# PROBLEM STATEMENT
A word-for-word restatement of the full listing is required.

# EXERCISE MATERIALS
--*--

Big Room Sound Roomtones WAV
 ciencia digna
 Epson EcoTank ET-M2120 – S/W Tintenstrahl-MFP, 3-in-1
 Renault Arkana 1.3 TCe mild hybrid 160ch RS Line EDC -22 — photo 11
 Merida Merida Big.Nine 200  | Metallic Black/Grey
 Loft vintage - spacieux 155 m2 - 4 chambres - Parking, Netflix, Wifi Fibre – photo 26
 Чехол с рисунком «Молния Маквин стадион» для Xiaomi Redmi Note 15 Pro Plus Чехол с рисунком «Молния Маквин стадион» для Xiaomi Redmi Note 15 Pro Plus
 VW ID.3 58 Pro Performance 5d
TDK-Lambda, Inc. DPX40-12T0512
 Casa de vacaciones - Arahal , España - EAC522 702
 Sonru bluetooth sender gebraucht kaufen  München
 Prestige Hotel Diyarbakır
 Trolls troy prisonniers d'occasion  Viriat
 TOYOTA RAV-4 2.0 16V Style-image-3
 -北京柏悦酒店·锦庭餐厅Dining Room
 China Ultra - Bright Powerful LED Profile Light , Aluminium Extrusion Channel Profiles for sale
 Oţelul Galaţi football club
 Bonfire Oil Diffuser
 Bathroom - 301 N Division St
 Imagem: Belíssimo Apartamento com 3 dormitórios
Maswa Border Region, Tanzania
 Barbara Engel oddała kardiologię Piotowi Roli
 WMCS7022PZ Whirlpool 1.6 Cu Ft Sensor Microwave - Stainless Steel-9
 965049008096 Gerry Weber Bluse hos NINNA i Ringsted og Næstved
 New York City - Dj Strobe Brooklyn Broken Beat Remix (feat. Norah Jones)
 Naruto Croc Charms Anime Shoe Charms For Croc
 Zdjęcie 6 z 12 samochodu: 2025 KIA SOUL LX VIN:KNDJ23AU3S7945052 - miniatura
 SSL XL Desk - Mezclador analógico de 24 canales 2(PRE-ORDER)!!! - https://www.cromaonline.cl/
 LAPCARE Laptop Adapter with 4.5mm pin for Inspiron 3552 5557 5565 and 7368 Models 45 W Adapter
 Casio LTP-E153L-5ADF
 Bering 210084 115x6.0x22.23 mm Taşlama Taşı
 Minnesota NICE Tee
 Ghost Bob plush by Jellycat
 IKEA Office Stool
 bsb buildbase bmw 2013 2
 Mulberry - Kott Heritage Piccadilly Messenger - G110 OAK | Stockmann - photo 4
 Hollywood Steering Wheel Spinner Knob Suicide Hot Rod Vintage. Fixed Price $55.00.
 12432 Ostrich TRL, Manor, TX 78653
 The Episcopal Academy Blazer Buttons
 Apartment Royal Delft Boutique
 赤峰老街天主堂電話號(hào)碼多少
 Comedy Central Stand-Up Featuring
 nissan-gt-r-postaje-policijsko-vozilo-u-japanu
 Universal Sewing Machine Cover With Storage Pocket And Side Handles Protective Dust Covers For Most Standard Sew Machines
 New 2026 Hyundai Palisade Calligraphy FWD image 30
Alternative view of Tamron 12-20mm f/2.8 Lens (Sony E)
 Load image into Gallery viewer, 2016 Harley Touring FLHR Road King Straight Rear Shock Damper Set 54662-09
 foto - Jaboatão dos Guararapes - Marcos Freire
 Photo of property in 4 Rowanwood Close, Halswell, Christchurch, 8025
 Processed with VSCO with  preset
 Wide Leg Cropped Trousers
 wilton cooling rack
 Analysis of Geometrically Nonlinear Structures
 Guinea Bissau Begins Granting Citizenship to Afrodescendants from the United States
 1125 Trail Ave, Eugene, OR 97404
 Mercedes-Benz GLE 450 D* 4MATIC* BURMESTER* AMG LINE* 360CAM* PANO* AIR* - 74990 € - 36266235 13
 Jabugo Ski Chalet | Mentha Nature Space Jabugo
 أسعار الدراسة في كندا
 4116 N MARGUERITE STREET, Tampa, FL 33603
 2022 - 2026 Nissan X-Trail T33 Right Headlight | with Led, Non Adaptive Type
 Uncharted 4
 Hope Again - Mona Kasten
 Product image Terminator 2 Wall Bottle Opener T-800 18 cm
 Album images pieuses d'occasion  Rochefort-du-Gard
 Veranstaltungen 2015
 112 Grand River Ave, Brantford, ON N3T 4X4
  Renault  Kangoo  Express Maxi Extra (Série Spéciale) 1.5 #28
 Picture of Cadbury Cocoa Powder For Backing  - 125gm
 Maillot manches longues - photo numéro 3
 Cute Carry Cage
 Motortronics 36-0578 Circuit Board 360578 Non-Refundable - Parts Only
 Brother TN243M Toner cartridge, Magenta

--*--

# TASK RESULT
Big Room Sound Roomtones WAV
 ciencia digna
 Epson EcoTank ET-M2120 – S/W Tintenstrahl-MFP, 3-in-1
 Renault Arkana 1.3 TCe mild hybrid 160ch RS Line EDC -22 — photo 11
 Merida Merida Big.Nine 200  | Metallic Black/Grey
 Loft vintage - spacieux 155 m2 - 4 chambres - Parking, Netflix, Wifi Fibre – photo 26
 Чехол с рисунком «Молния Маквин стадион» для Xiaomi Redmi Note 15 Pro Plus Чехол с рисунком «Молния Маквин стадион» для Xiaomi Redmi Note 15 Pro Plus
 VW ID.3 58 Pro Performance 5d
TDK-Lambda, Inc. DPX40-12T0512
 Casa de vacaciones - Arahal , España - EAC522 702
 Sonru bluetooth sender gebraucht kaufen  München
 Prestige Hotel Diyarbakır
 Trolls troy prisonniers d'occasion  Viriat
 TOYOTA RAV-4 2.0 16V Style-image-3
 -北京柏悦酒店·锦庭餐厅Dining Room
 China Ultra - Bright Powerful LED Profile Light , Aluminium Extrusion Channel Profiles for sale
 Oţelul Galaţi football club
 Bonfire Oil Diffuser
 Bathroom - 301 N Division St
 Imagem: Belíssimo Apartamento com 3 dormitórios
Maswa Border Region, Tanzania
 Barbara Engel oddała kardiologię Piotowi Roli
 WMCS7022PZ Whirlpool 1.6 Cu Ft Sensor Microwave - Stainless Steel-9
 965049008096 Gerry Weber Bluse hos NINNA i Ringsted og Næstved
 New York City - Dj Strobe Brooklyn Broken Beat Remix (feat. Norah Jones)
 Naruto Croc Charms Anime Shoe Charms For Croc
 Zdjęcie 6 z 12 samochodu: 2025 KIA SOUL LX VIN:KNDJ23AU3S7945052 - miniatura
 SSL XL Desk - Mezclador analógico de 24 canales 2(PRE-ORDER)!!! - https://www.cromaonline.cl/
 LAPCARE Laptop Adapter with 4.5mm pin for Inspiron 3552 5557 5565 and 7368 Models 45 W Adapter
 Casio LTP-E153L-5ADF
 Bering 210084 115x6.0x22.23 mm Taşlama Taşı
 Minnesota NICE Tee
 Ghost Bob plush by Jellycat
 IKEA Office Stool
 bsb buildbase bmw 2013 2
 Mulberry - Kott Heritage Piccadilly Messenger - G110 OAK | Stockmann - photo 4
 Hollywood Steering Wheel Spinner Knob Suicide Hot Rod Vintage. Fixed Price $55.00.
 12432 Ostrich TRL, Manor, TX 78653
 The Episcopal Academy Blazer Buttons
 Apartment Royal Delft Boutique
 赤峰老街天主堂電話號(hào)碼多少
 Comedy Central Stand-Up Featuring
 nissan-gt-r-postaje-policijsko-vozilo-u-japanu
 Universal Sewing Machine Cover With Storage Pocket And Side Handles Protective Dust Covers For Most Standard Sew Machines
 New 2026 Hyundai Palisade Calligraphy FWD image 30
Alternative view of Tamron 12-20mm f/2.8 Lens (Sony E)
 Load image into Gallery viewer, 2016 Harley Touring FLHR Road King Straight Rear Shock Damper Set 54662-09
 foto - Jaboatão dos Guararapes - Marcos Freire
 Photo of property in 4 Rowanwood Close, Halswell, Christchurch, 8025
 Processed with VSCO with  preset
 Wide Leg Cropped Trousers
 wilton cooling rack
 Analysis of Geometrically Nonlinear Structures
 Guinea Bissau Begins Granting Citizenship to Afrodescendants from the United States
 1125 Trail Ave, Eugene, OR 97404
 Mercedes-Benz GLE 450 D* 4MATIC* BURMESTER* AMG LINE* 360CAM* PANO* AIR* - 74990 € - 36266235 13
 Jabugo Ski Chalet | Mentha Nature Space Jabugo
 أسعار الدراسة في كندا
 4116 N MARGUERITE STREET, Tampa, FL 33603
 2022 - 2026 Nissan X-Trail T33 Right Headlight | with Led, Non Adaptive Type
 Uncharted 4
 Hope Again - Mona Kasten
 Product image Terminator 2 Wall Bottle Opener T-800 18 cm
 Album images pieuses d'occasion  Rochefort-du-Gard
 Veranstaltungen 2015
 112 Grand River Ave, Brantford, ON N3T 4X4
  Renault  Kangoo  Express Maxi Extra (Série Spéciale) 1.5 #28
 Picture of Cadbury Cocoa Powder For Backing  - 125gm
 Maillot manches longues - photo numéro 3
 Cute Carry Cage
 Motortronics 36-0578 Circuit Board 360578 Non-Refundable - Parts Only
 Brother TN243M Toner cartridge, Magenta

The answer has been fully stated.